I understand what confidence intervals are and how we interpret them, but I guess one thing that I never realized in understanding this concept was what exactly the single confidence interval estimate we provide actually means. So as an example, say we find a 95% confidence interval for a parameter estimate $\beta$. Say we got a point estimate $\hat{\beta}$ as well as the necessary standard error, $\text{s}(\hat{\beta})$ and critical value (we'll use a t-statistic here), $t(1-\alpha; n-p)$. So we go on to construct a confidence interval:
$$ \hat{\beta} \pm t(1-\frac{\alpha}{2}; n-p)\cdot\text{s}(\hat{\beta})$$
So the interpretation of this is that over repeated sampling, 95% of the constructed interval estimates will contain the true value of the parameter. But as you see above in practice I calculated a confidence interval explicitly.
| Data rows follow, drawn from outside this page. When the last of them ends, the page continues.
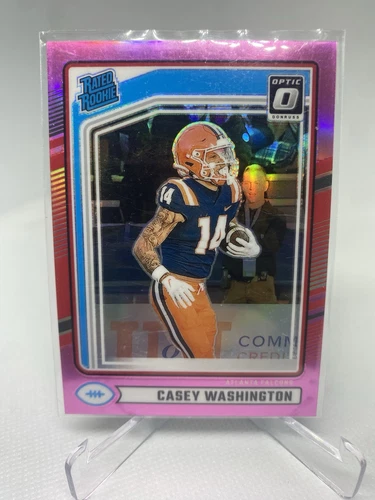 Casey Washington
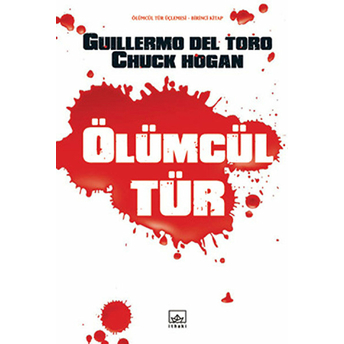 Ölümcül Tür Chuck Hogan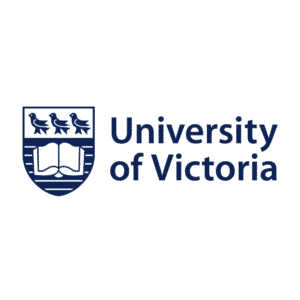 University of Victoria logo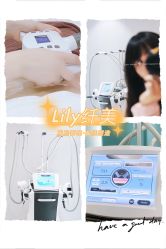 -Lily纤美·科技减脂中心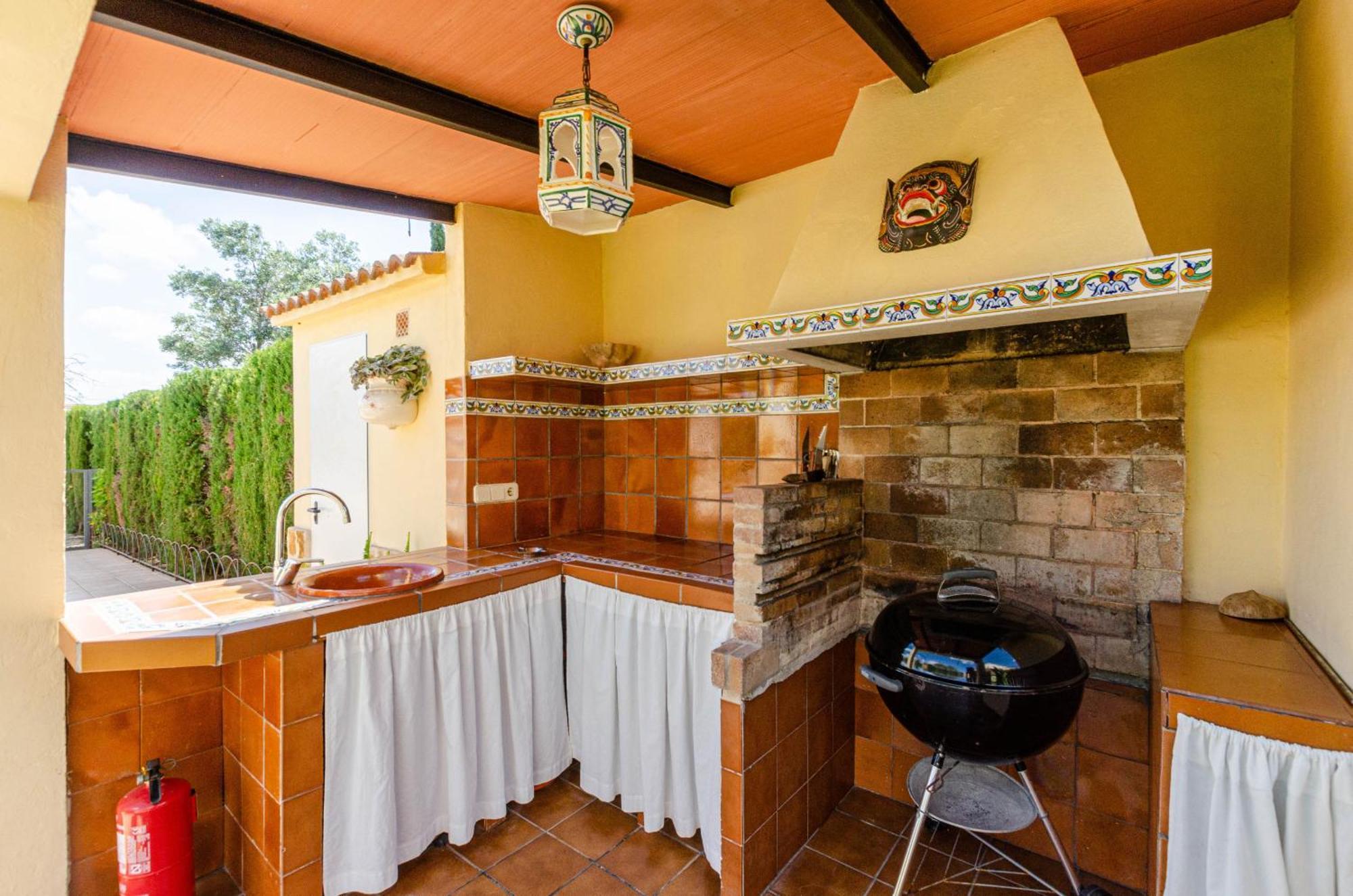 Yourhouse Son Piedra, With Private Pool Near Palma, Mallorca South Villa *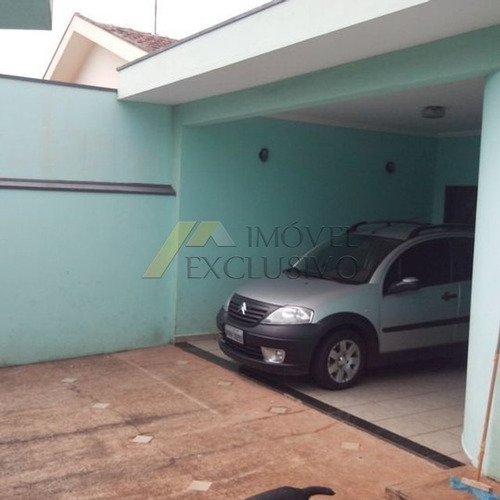 Imagem 2 de 6 de Casa, Ipiranga, Ribeirão Preto - 520-v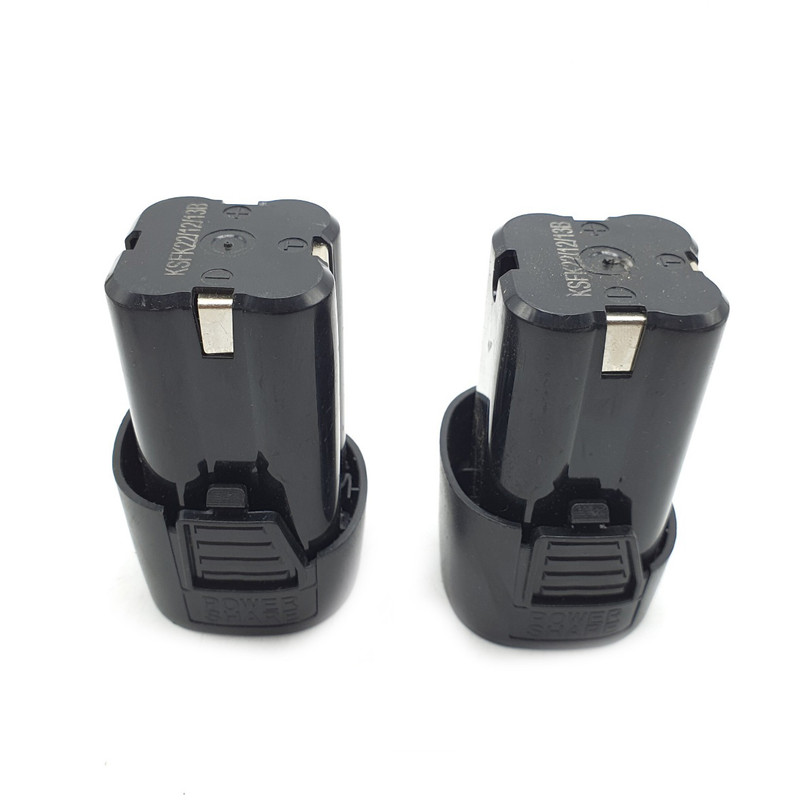 PowerShare 16V Li‑ion battery replacement part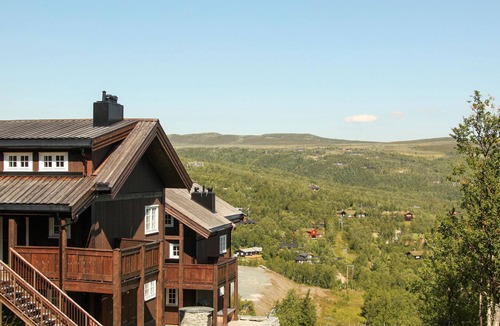 Geilo Apartment | Havsdalsgrenda by Interhome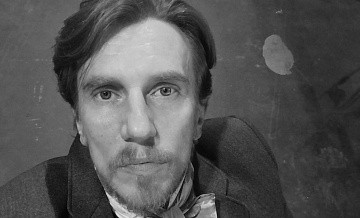 Стала известна причина смерти актера Дмитрия Марфина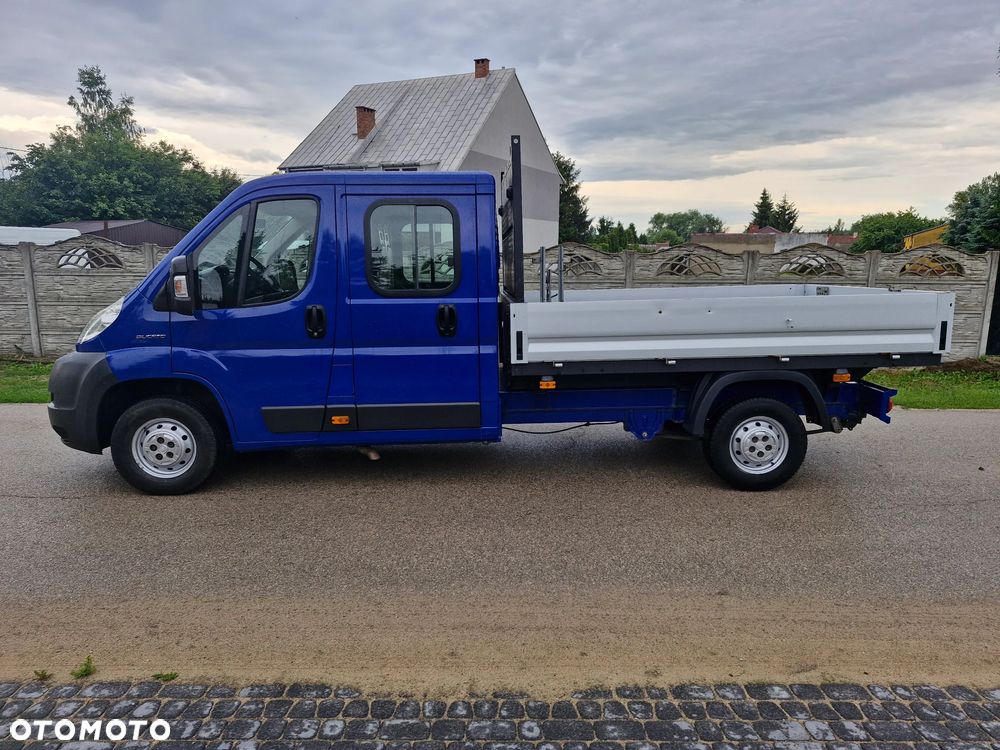 Fiat Ducato - 1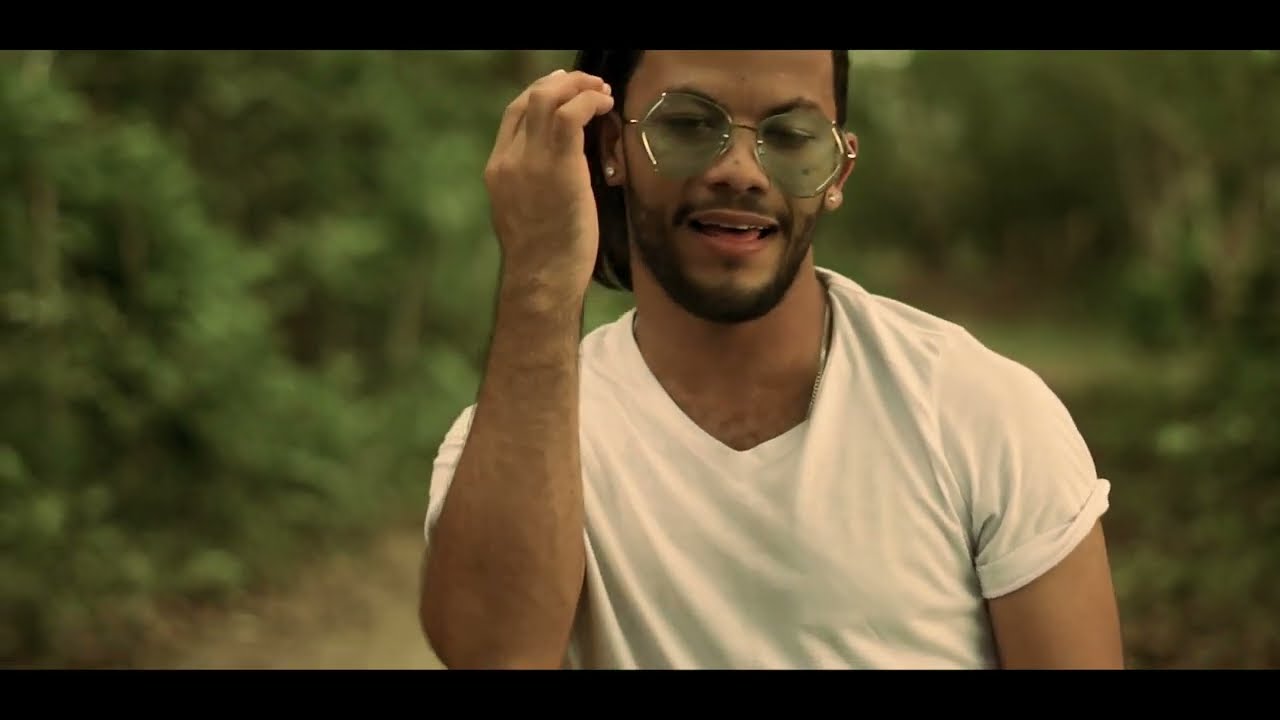 Los Maleteros - El Amor Es Asi- Video oficial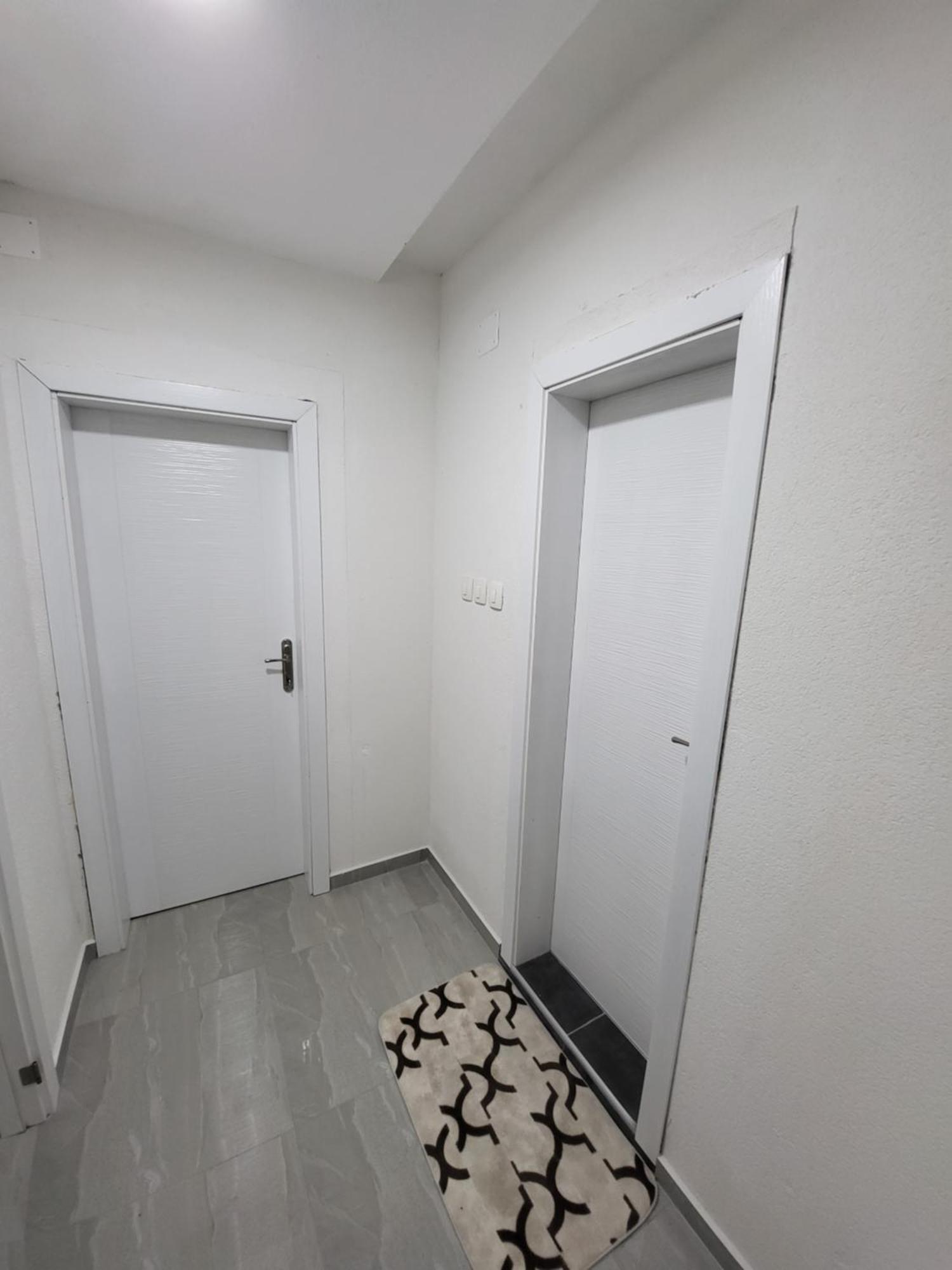 Villa Pegasus Pestani Οχρίδα Δωμάτιο φωτογραφία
So how do we frame this with regards to the whole notion of confidence intervals? Would I say this one explicitly calculated confidence interval is one of the possible intervals that would arise 95% of the time? What is it I'm missing in the understanding of this?
I'm aware of the popular post: What, precisely, is a confidence interval? and actually I have it saved as a bookmark. The overall idea of the CI is not what I'm stuck on it is these sort of individual outputs.